In onore della venuta di "Sua Santità" a Genova, come ringraziamento per la militarizzazione della città (e dei cestini della rumenta tappati da grate che sanno di medioevo), come segno di devozione a Papa Francesco di sto...dei miei stivali, ieri sera la Biblioteca Libertaria Francisco Ferrer ha dato il via ad un ciclo di proiezioni dedicato al gran bene che la religione cristiana ha fatto all'umanità. Il primo appuntamento ha previsto "Narciso Nero", del 1947, "scritto, prodotto e diretto" dalla coppia anglo-magiara, a me ignota, Michael Powell ed Emeric Pressburger. Una simpatica "disney blasfemia", esasperata dal technicolor di "pongo" e dall'alienante scenografia himalayana. Lassù non tutto è così limpido.

Alla faccia di sindaci, assessori, istituzioni insomma, che fanno di tutto per ammazzare qualsiasi iniziativa non allineata (leggi "che non generi profitto"), i caruggi a Genova rimangono un vero piacere per lo spirito (libero). I muri, l'unica vera fonte di ispirazione ed informazione non assoggettate, oltretutto, ti possono organizzare la serata. Stavi per finire nella solita, classica, anonima sala di un cinema che manco ci crede (non tutti, i cassieri di sicuro ne hanno le palle piene, siamo a fine stagione). E invece eccoti su una seggiola del "Ferrer" di piazza degli Embriaci, con quattro, cinque compagni, nuove amicizie.
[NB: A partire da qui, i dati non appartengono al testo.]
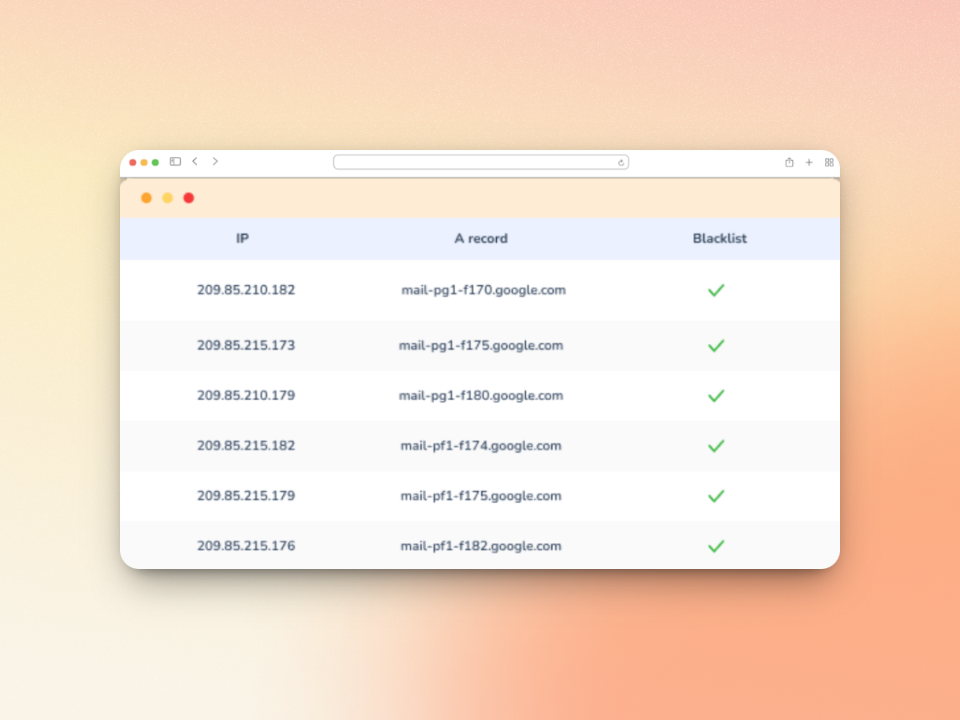 A browser window displays a table with three columns: IP, A record, and Blacklist. Each row lists an IP address, a corresponding Google mail server, and a green checkmark under Blacklist.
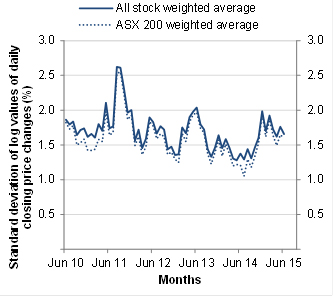 Chart: Interday volatility - All stock weighted average against ASX 200 weighted average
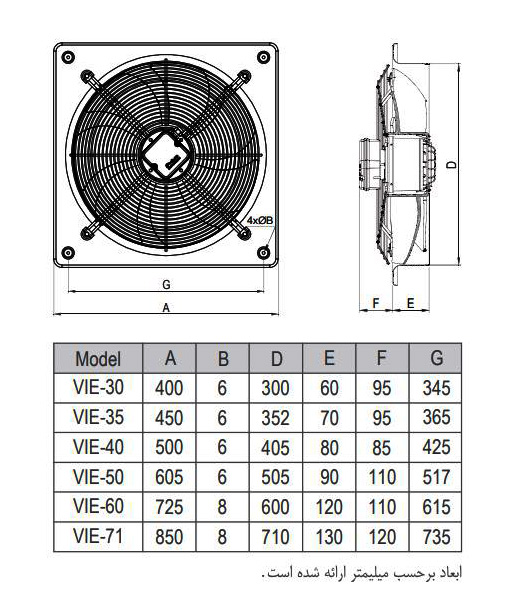 هواکش صنعتی ایلکا دمنده مدل VIE-35A4S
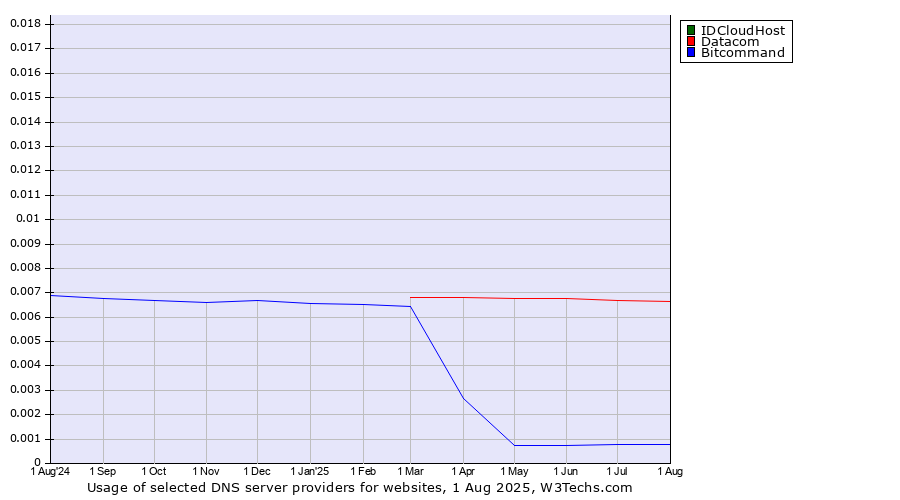 Historical trends in the usage of IDCloudHost vs. Datacom vs. Bitcommand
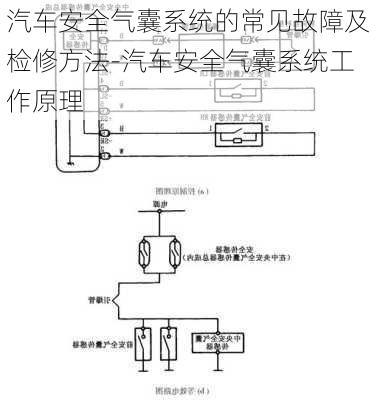 汽车安全气囊系统的常见故障及检修方法-汽车安全气囊系统工作原理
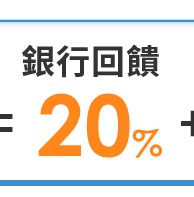 銀行回饋
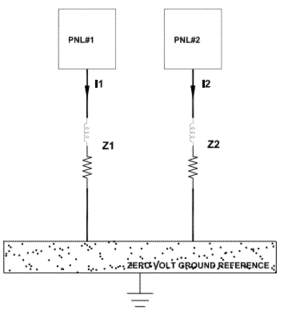 Multipoint grounding is preferred at frequencies above 100KHz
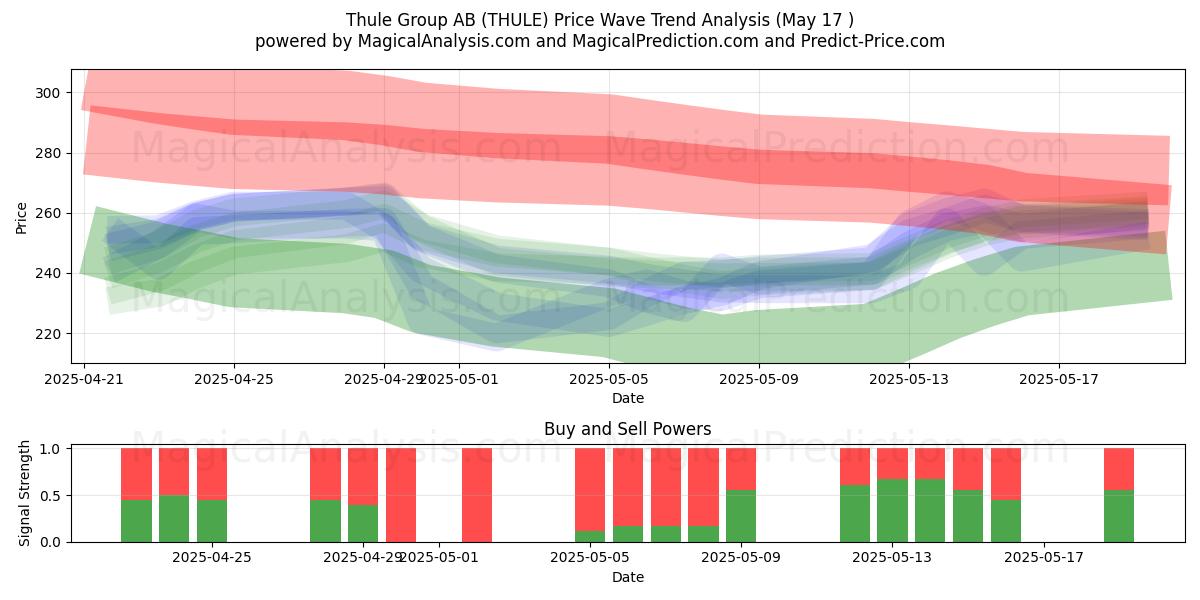  Thule Group AB (THULE) Support and Resistance area (17 May) 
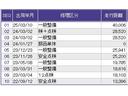 ｅ：ＨＥＶリュクス　ドラレコ　ナビ　Ｒカメラ　ブルートゥース　ＥＴＣ付き　カーテンエアバック　スマキ　ＡＡＣ　Ｓヒーター　衝突軽減ブレーキ　パーキングセンサー　フルセグテレビ　ＬＥＤライト　ＤＶＤ　キーレス　整備記録簿（41枚目）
Il film di ieri sera è davvero curioso. Ricoperto della gioiosa patina del tipico film britannico "di situazione", con musichette che introducono i tanti personaggi coloriti, tra cui: la vecchia domestica (la memoria, depravata, del monastero), l'avventuriero inglese atteggiato (dal viso espressionista e incredibilmente pulito), ogni suora coi suoi crismi (la grassa energica, quella piacente e libidinosa, poi la brutta etc) e la selvaggia birichina che fa capolino. Decisamente caratterizzati, pure troppo, contribuiscono al frastuono iniziale e al senso di sfilacciamento. Il technicolor aumenta il contrasto tra l'incontaminata ambientazione, la candidezza delle protagoniste e gli intimi (intimissimi) moti tellurici delle stesse. Ma ci si mette un po' a capire dove vogliono arrivare i due autori.
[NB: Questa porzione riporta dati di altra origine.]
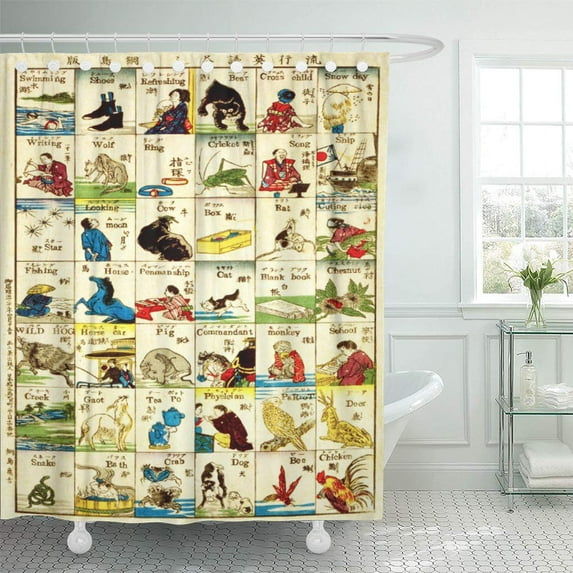 Libin Publicdomainreview Melange of English Words Shower Curtain 66x72 inch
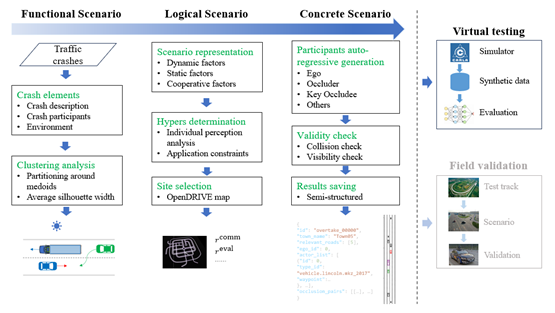 The CoRTSG framework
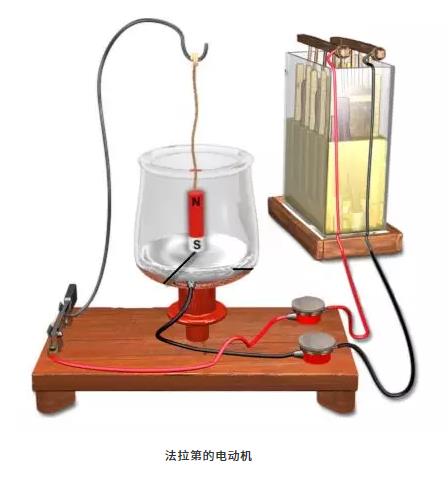 第一臺(tái)電動(dòng)機(jī)是誰發(fā)明的？為什么能轉(zhuǎn)動(dòng)起來？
Grazie principalmente all'allestimento scenografico, riproducente vallate verdi, abissi mozzafiato e vette innevate (scenario tibetano a quanto pare), l'atmosfera d'isolamento e straniamento riesce efficace. Pruriti d'altitudine, per le suore ed il marcantonio di turno; pure un principe indiano e una monella dagli occhi verdi magici (e la metà degli anni) insinuano un delicato miniscandalo. I registi confezionano un crescendo di follia, sia con le classiche musiche, sia con inquadrature che ben sfruttano il grande lavoro degli scenografi e degli attori (più che la quasi algida Deborah Kerr nelle vesti bianche della madre superiora, è l'infuocata "suor" Kathleen Byron a bucare lo schermo, non solo nelle dissolvenze clou a lei dedicate).
Pertanto il fastidio iniziale per quello che, sulle prime, pare un film poco significante, diventa gusto e ghigno di derisione, pienamente meritato dal mondo clericale, da millenni prepotentemente arroccato sui bastioni del nulla.
Grazie ai ragazzi della Biblioteca Ferrer per lo spunto. A Bergoglio, invece, lo sputo.